* _Task objective_
Copy the records below exactly, omitting any pictures they contain.

Web page caption snippets:

┌──

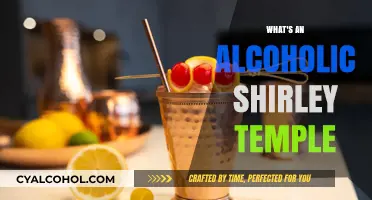 What's an Alcoholic Shirley Temple? A Twist on a Classic Mocktail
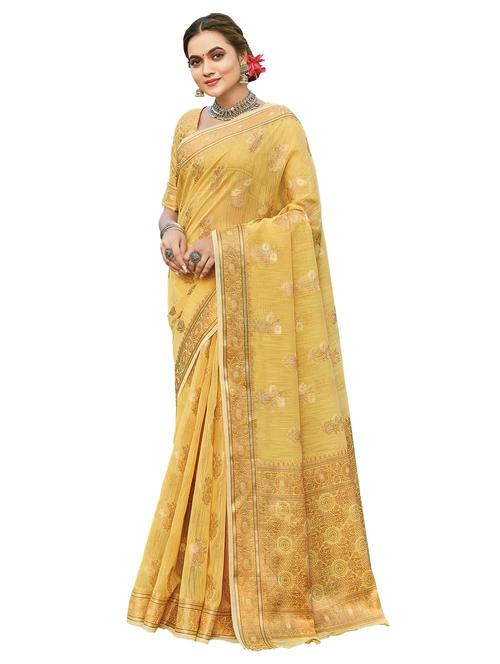 women's banarasi saree with blouse - 18235919 -  Standard Image - 0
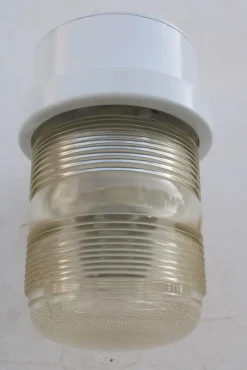 Outlet Pamono Fresnel Outdoor Lamp from Oluce, 1960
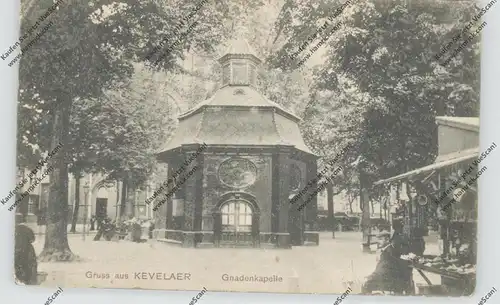 4178 KEVELAER, Gnadenkapelle, Devotionalienstand, 1908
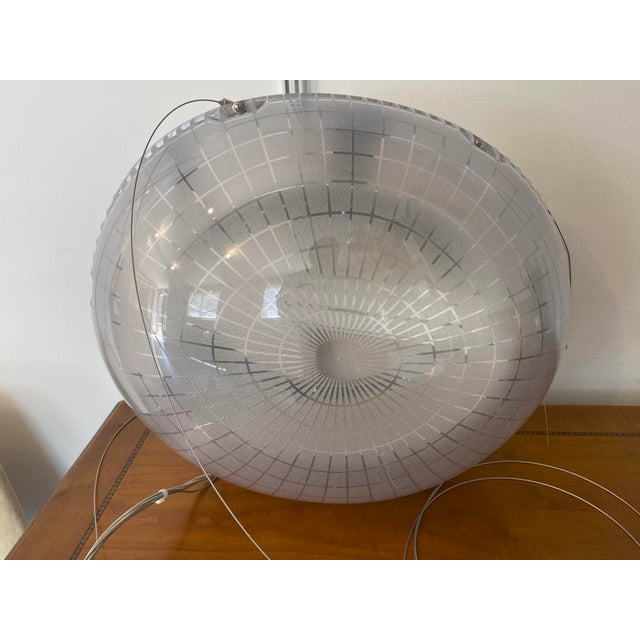 Paris Airport GEM Pendant Light by Paul Andreu for Guzzini For Sale - Image 17 of 18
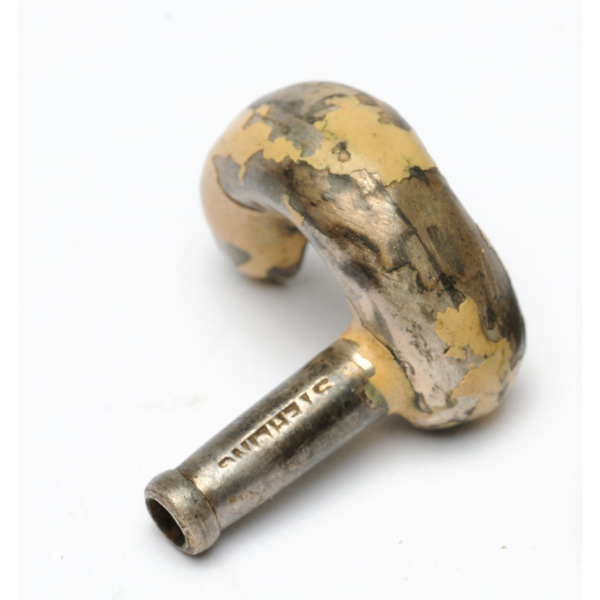 picture shows ear tube ear trumpet @ EarTrumpets.com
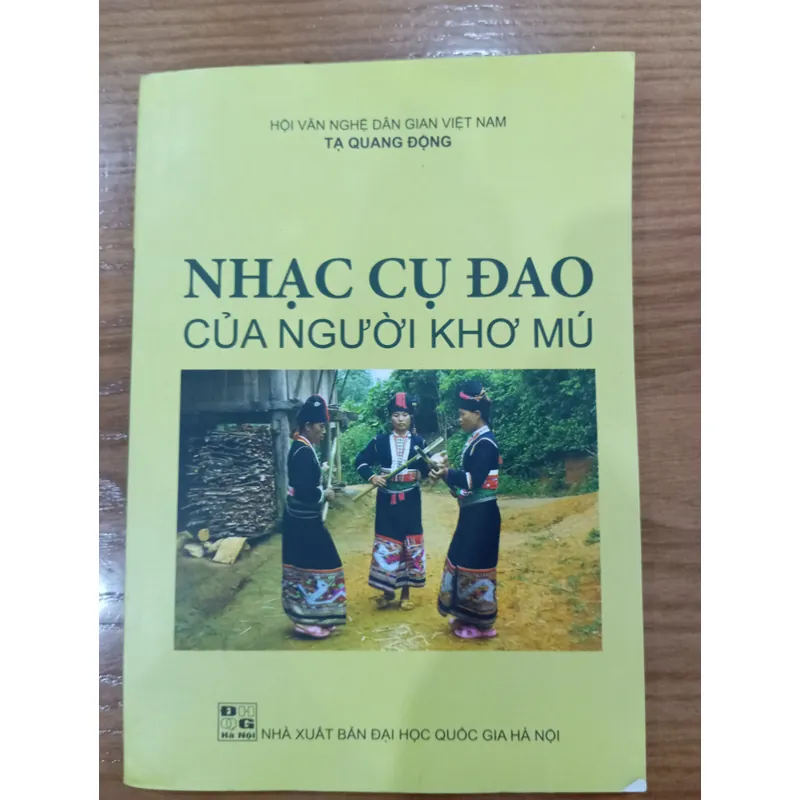 NHẠC CỤ ĐAO CỦA NGƯỜI KHƠ MÚ 713516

└──

* _Response to the exercise_
 What's an Alcoholic Shirley Temple? A Twist on a Classic Mocktail
 women's banarasi saree with blouse - 18235919 -  Standard Image - 0
 Outlet Pamono Fresnel Outdoor Lamp from Oluce, 1960
 4178 KEVELAER, Gnadenkapelle, Devotionalienstand, 1908
 Paris Airport GEM Pendant Light by Paul Andreu for Guzzini For Sale - Image 17 of 18
 picture shows ear tube ear trumpet @ EarTrumpets.com
 NHẠC CỤ ĐAO CỦA NGƯỜI KHƠ MÚ 713516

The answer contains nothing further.